Gurobi (and most other solvers) will keep crunching on the problem until the optimality gap (mipgap) is reached - if it ever is - or until some other stopping criteria is triggered, like timelim.
This is a harder problem so optimality might not be computable - I did not wait longer than an hour for a solution, at which time that mip gap was still at around 8% and dropping, on my Mac M2 Mini with 8G RAM.
At 0% the gap is fully closed and the optimal solution is reached. Don't count on reaching optimality with most large integer problems in the wild: instead, calibrate your mipgap stopping parameter to signal to the solver what gap is acceptable, at which points the solver quits the search and returns the best solution it has. Good luck!
I sketched a whiteboard that relates the formulation entities named in the problem description to the model entities I implement in my model.
- ancillary and additional variables I implement in the model are not shown
- I imply but do not explicitly implement certain of the formulation's "accounting" variables, such as those named A, B, C, D, E, etc.

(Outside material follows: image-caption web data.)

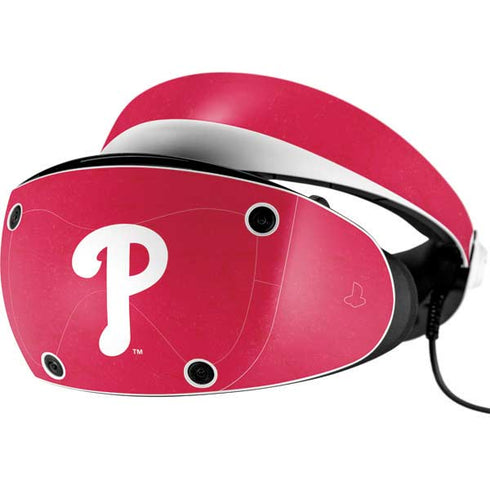 MLB Philadelphia Phillies - Solid Distressed PlayStation VR2 Skin
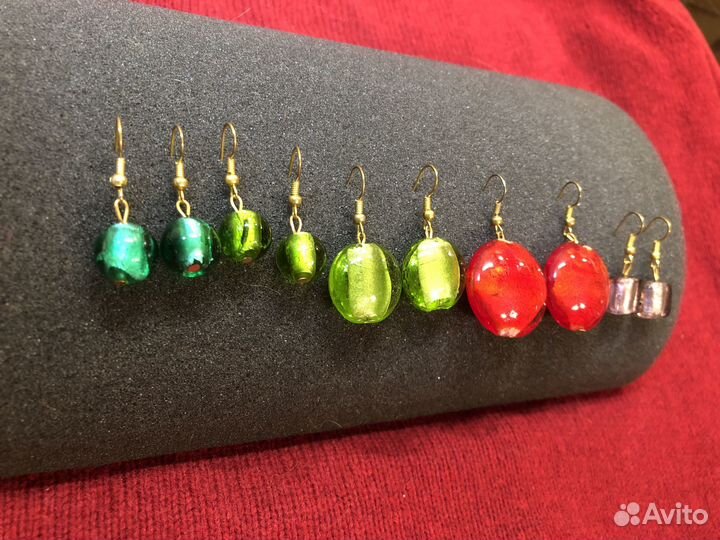 Серьги из муранского стекла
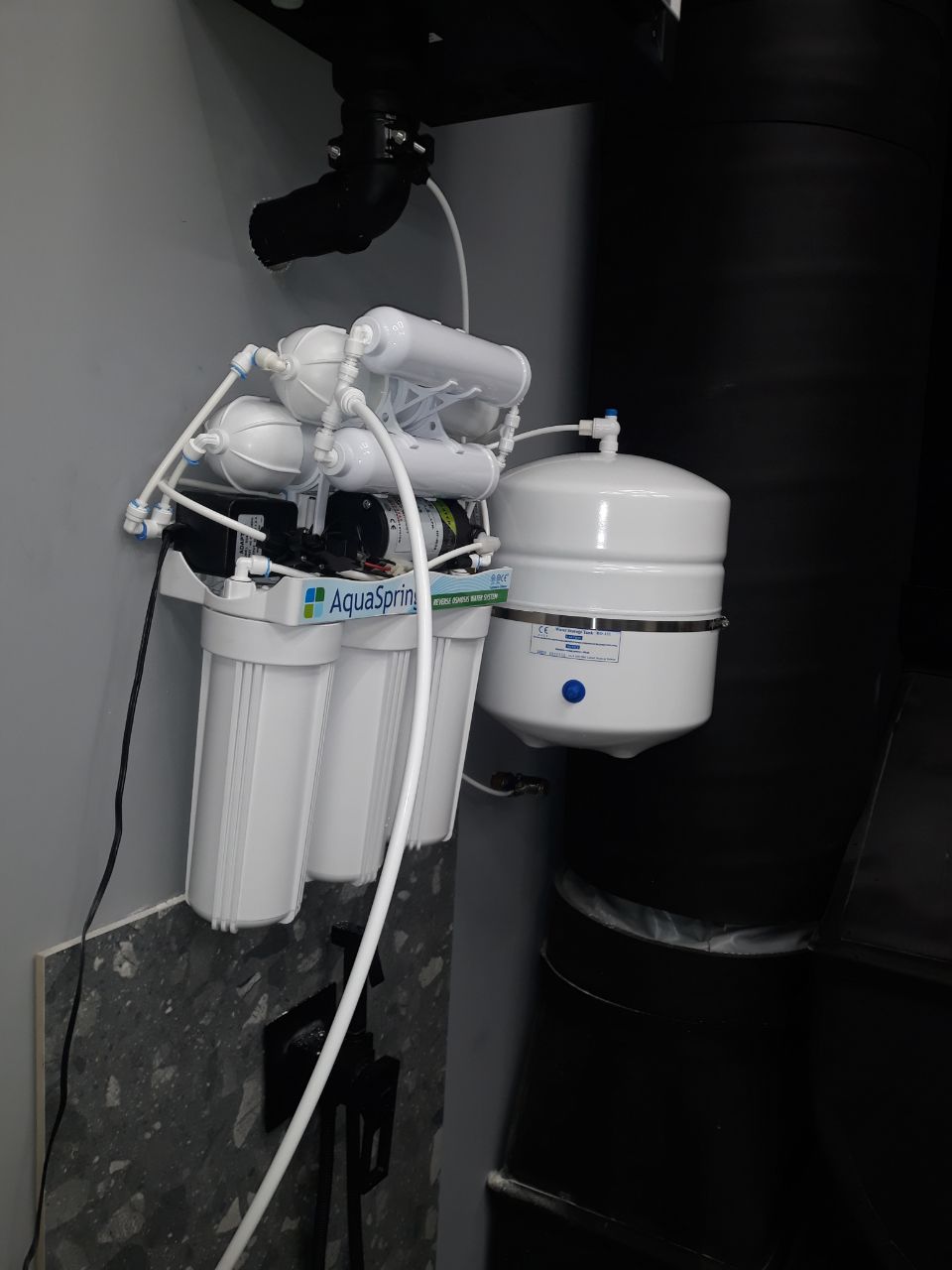 Пример установки системы AquaSpring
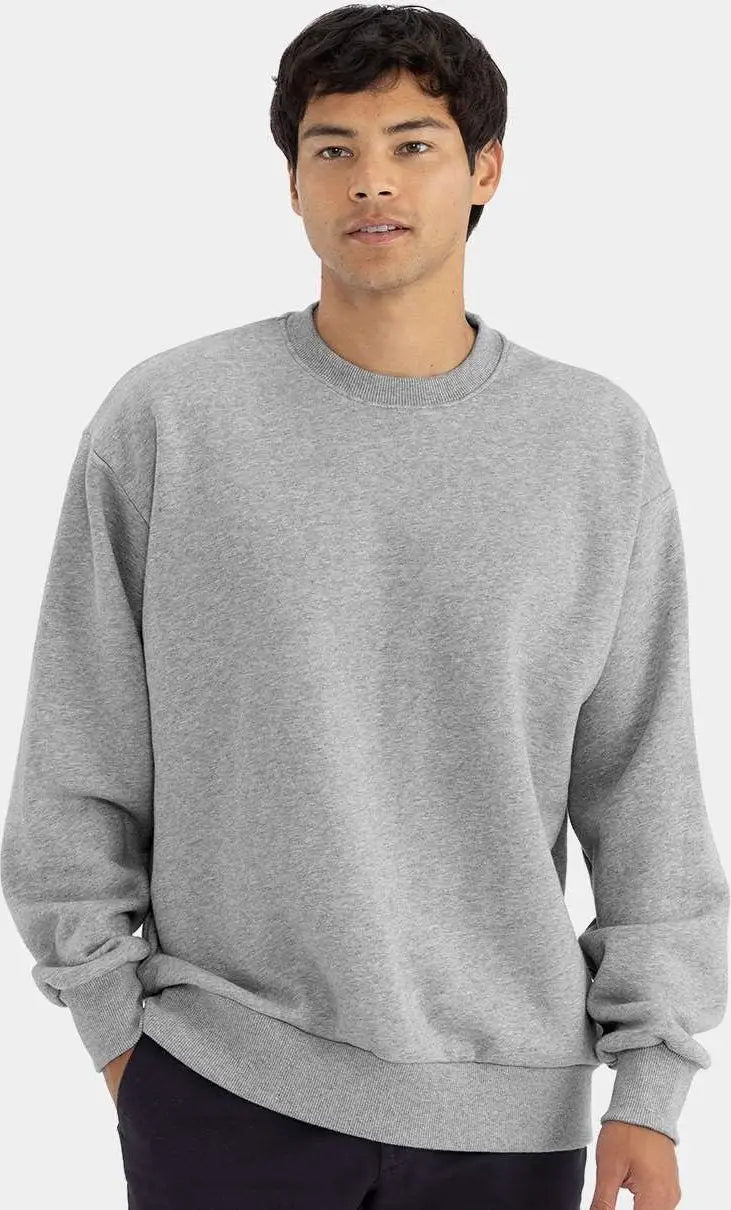 Next Level 9007 Heavyweight Sweatshirt - Heather Gray - Adult Xs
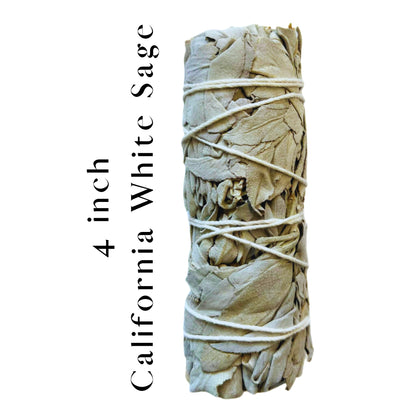 California White Sage 4 Bundled Smudge Sticks Purify and Uplift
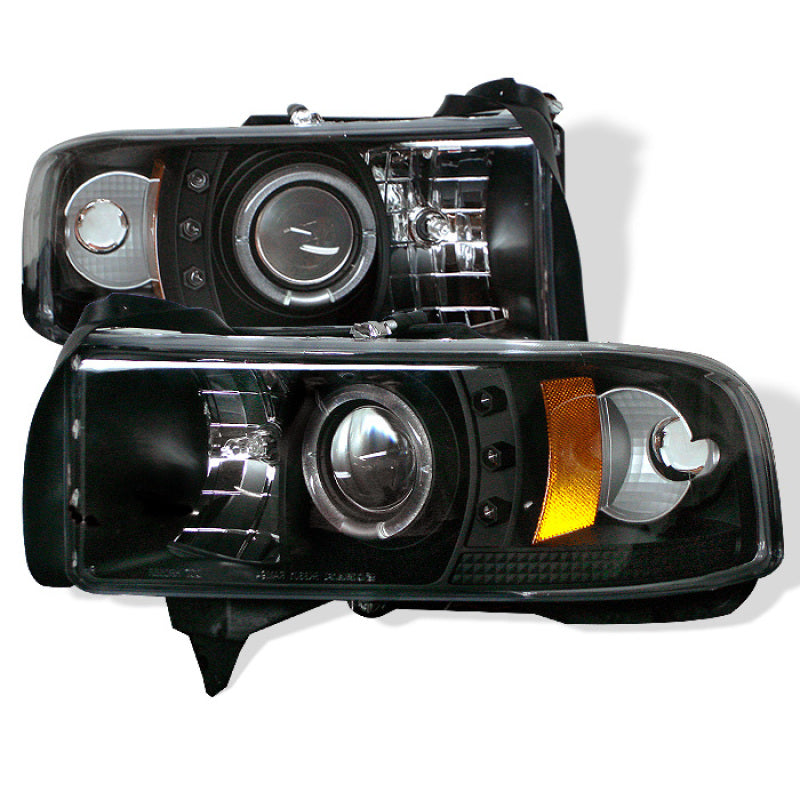 SPYDER 5010087 - SPY5010087 - Spyder Dodge Ram 1500 94-01 94-02 Projector Headlights LED Halo LED Blk PRO-YD-DR94-HL-AM-BK - Shipped in Europe - Tuningsupply.com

I was unaware of the competition when a friend and contestant invited me to some conversation about their own formulation. To get my head into the game I built the deterministic model included here.
That contestant (a Rockstar!) meanwhile built a model all on their own and also implemented the required stochastic component of the challenge, which I never did.
The bulk of the competitive scoring value of this challenge relies on the effectiveness of the stochastic methods used to model the uncertainty of vehicle fuel costs over time.
Given more time, I would first have attempted an extensive stochastic form, deployed to a high-mem machine, and if the sheer problem size made computation intractable I would have considered decomposition methods, starting with Benders.
Still, this was fun!!
-- Martin Laskowski
6th July 2024